Typoes

I keep making mistakes. The paperback version of my book You Don’t Look Adopted has errors. Not just typos. The margins are wrong. The print fades in sections. And now, in the essay Living the Mother that I squeezed my heart and guts and brain to write for the blog I dearly love, Manifest-Station, I found five typos after the essay was set in print.  

In my past life, the life in which I didn’t write much more than a paragraph at a time, these things would have kept me up at night. I would have felt so vulnerable to judgement. I would have felt dirty. Wrong. In danger of losing any love I had in the world. I would have felt, worst of all, stupid.
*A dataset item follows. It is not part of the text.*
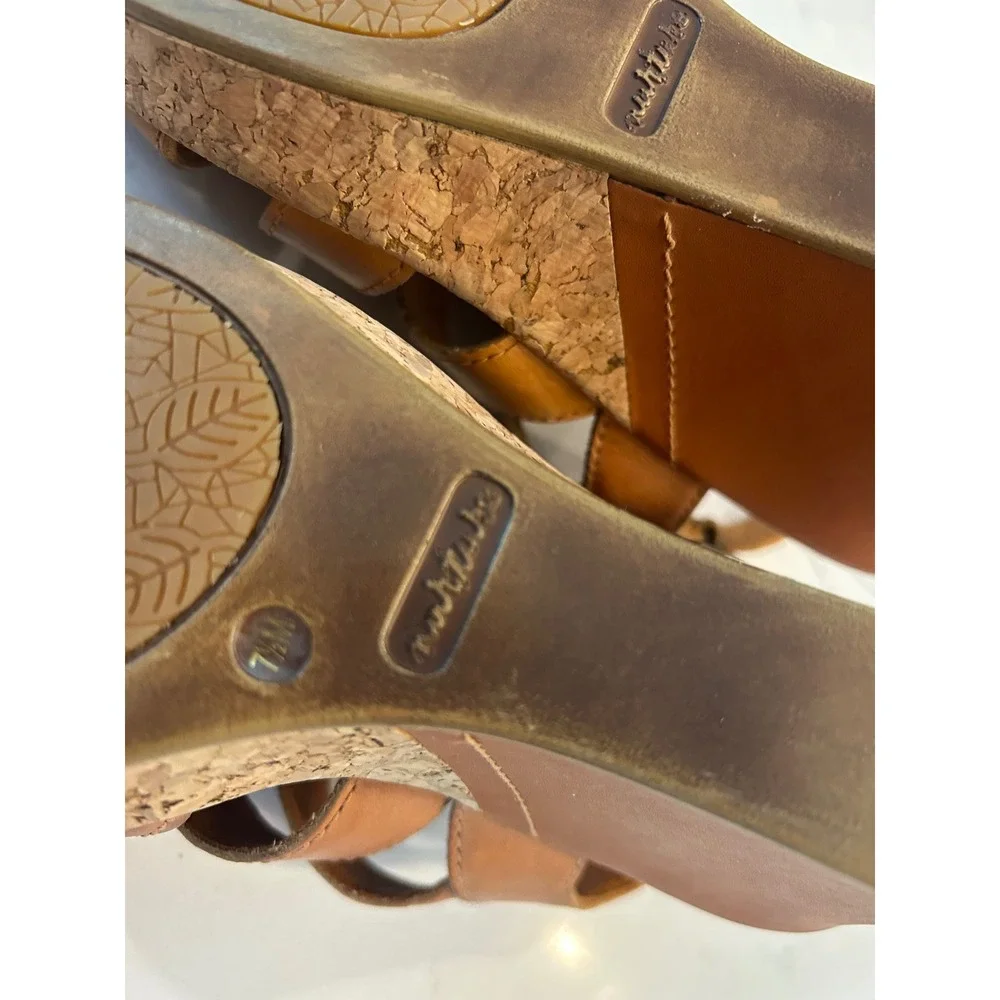 Nurture Wedge Sandals Brown Leather Strappy Cage Cork Platform Summer Shoes 7.5M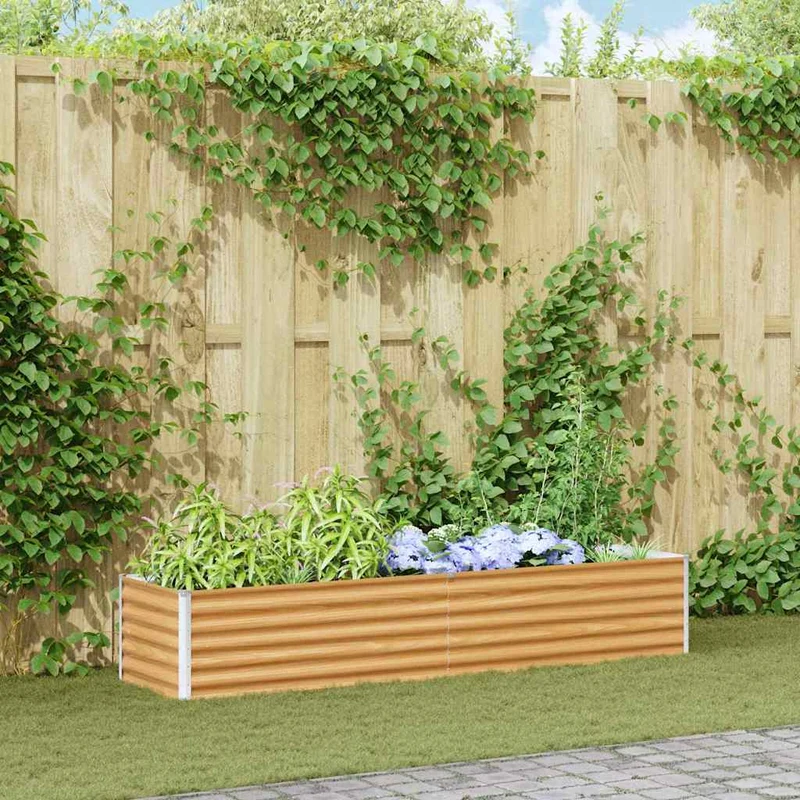 Arriate Elevado Marrón Claro 195 X 50 X 36 Cm Acero Galvanizado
One time early in my teaching career, I was being observed by a tenured poet for my semester evaluation. I was handing back graded essays that day and stood fiercely in front of the class, brandishing my red pen. “The ink was full when I started marking your papers,” I admonished the morning-tired students. “Now it’s half full. What a waste of ink--on mistakes that shouldn’t have been made.”

I began calling out names, maintaining a scolding eye contact, student by student, as I gave back the three-page essays. I’d spilled cereal on some. Water on others. I’d done my best to dry them off, but they were not returned in the same condition I had got them. And there was red everywhere. Those poor papers were bleeding.   

I felt so proud of myself. So righteous. I was going to shame those kids into caring about their work. I would do what my mother had taught me and teach my students that error-free sentences were the secret to a life worth living. That whatever pride they had in themselves needed to show up on a page clear of mistakes.

Later that week the poet faced me in his office and told me he hoped teaching was not a career goal for me. I was too shocked and hurt to have a conversation. I told him that, unfortunately, it was, and I burst into tears and walked out. I thought he was taking his own frustrations about being a mediocre poet at a mediocre university out on me. I taught my guts out every class. I was meant to be a teacher. Why couldn’t he see that?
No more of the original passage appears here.